Manche Indianer empfinden andererseits aber auch Stolz, wenn dergleichen Bezeichnungen verwendet werden, da dies nicht aus vordergründig rassistischen Erwägungen oder mit einem negativen Ziel verbunden ist. Sie denken, dass ein Teil der Geschichte der USA verloren ginge, wenn alle diese Bezeichnungen verschwinden. Dem wird entgegengehalten, dass rassistische Maskottchen zur Charakterisierung ganzer Volksgruppen missbraucht werden. Eines der in den USA bekanntesten Beispiele für Diskriminierung ist „Chief Warrior“, eine dümmlich grinsende Figur, Maskottchen einer Baseballmannschaft. Glücklicherweise setzt bei den Bildungseinrichtungen doch langsam ein Umdenken ein. Die St. John’s University in New York änderten die Bezeichnung einer ihrer Sortmannschaften von „Redman“ auf „Red Storm“, eine andere Schule machte aus ihrem „Redskins“ die „Red Hawks“.
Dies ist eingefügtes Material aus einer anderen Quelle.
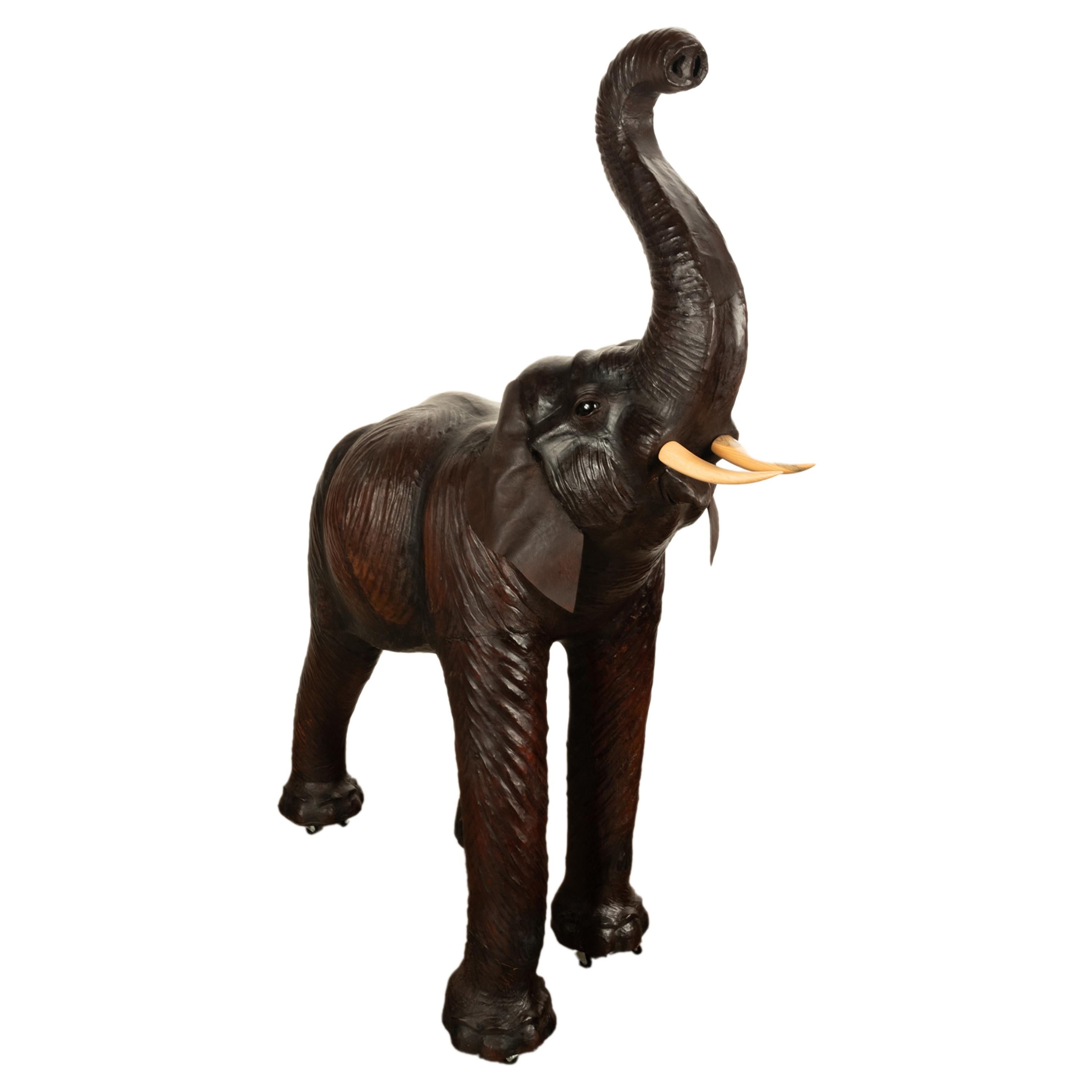 Antiguo Liberty of London Tamaño natural Elefante bebé de cuero de 1,80 m Ojos de cristal 1930 en venta 3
All diese stereotypen Betrachtungsweisen machen es den Indianer nicht leichter, sich ihre eigene Kultur zu bewahren. Die Klischees fördern bei ihnen Frustration, Angst, Unsicherheit und führen zu einem Gefühl der Hilflosigkeit, besonders bei Kindern und Jugendlichen. Die geringschätzige Haltung der Weißen ihnen gegenüber beeinträchtigt ihr Selbstwertgefühl tief. Im praktischen Leben wirkt es sich negativ aus, wie zum Beispiel bei der Arbeitssuche. Aufklärungsarbeit, die schon in der Schule beginnt, ist daher ein dringliches Gebot, um das vorurteilsbeladene Image der Indianerzu korrigieren.